With the axe set to fall on 1 July, 178 000 Zimbabweans and their children, who have made their lives in South Africa, are pinning their hopes of being able to stay on a court case playing out in the Pretoria High Court this week, writes Tania Broughton.
The Helen Suzman Foundation (HSF), the Consortium for Refugees and Migrants (CORMSA), the Zimbabwean Immigration Federation and African Amity are seeking to have the court review and set aside Home Affairs Minister Aaron Motsoaledi’s decision to terminate the Zimbabwean Exemption Permit (ZEP) programme in December 2021.
The programme has been in existence, in various guises, since 2009 to cope with the influx of undocumented Zimbabweans fleeing political violence at that time.
Unless the three judges come to their assistance, the permit holders will become “undocumented”, and will not be able to work. They will also not be able to access education, health care facilities or their bank accounts, and will face deportation.
The case began with argument by Advocate Steven Budlender for the HSF, who submitted that “while there is a lot of paper before you”, the case was straightforward, and any of the five grounds for review justified an overturning of the minister’s decision.
“There can be no genuine dispute that it has profound consequences . . . they have been living in South Africa lawfully pursuant to a programme put in place voluntarily by the government 14 years ago,” he said, noting there had been no prior consultation with the thousands of permit holders or consideration of the impact on them.
“My client does not suggest that the minister may never terminate the programme.

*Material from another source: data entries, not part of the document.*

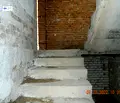 Снимка 5 — Къща в Смолян, Долно Райково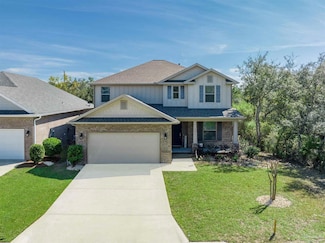 10031 Pandion Trail, Pensacola, FL 32507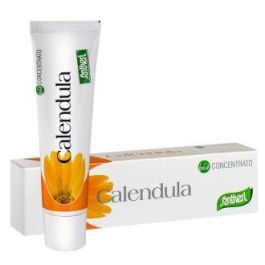 Crema A La Calendula 50Ml. Bio Precio: 12.79000008. SKU: B12JGGGK8H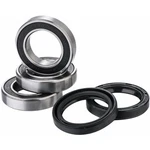 Factory-links RWK-S-166 Wheel Bearing Kit. Fixed Price $37.63.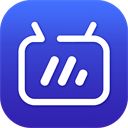 美家市场小米专用版apk手机赚钱软件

But my client does say, because any termination has such profound consequences, it must follow a fair and reasonable consultation process, be consistent with rights and be based on lawful, rational and reasonable grounds.”
Budlender noted that the minister himself had not filed an affidavit in the matter, only the director-general. This was not a “technical point”, but a serious issue because, in effect, he had “said nothing” about what he took into consideration when he made the decision.
Budlender said the decision had undoubtedly resulted in an unjustified limitation of the rights of the permit holders and their children who, for many, regarded South Africa as their only home.
When the minister announced his decision to terminate the programme, giving permit holders a grace period of a year, and then extending it by six months to 30 June 2023 because of the court action, he said the programme was always intended to be temporary.
He also pointed to South Africa’s increased unemployment rate and claimed that the permit holders were violating the conditions of their visas.
In its court papers, the department now says the decision was rational because conditions in Zimbabwe have improved, and that terminating the programme will alleviate pressure on the asylum system and save money.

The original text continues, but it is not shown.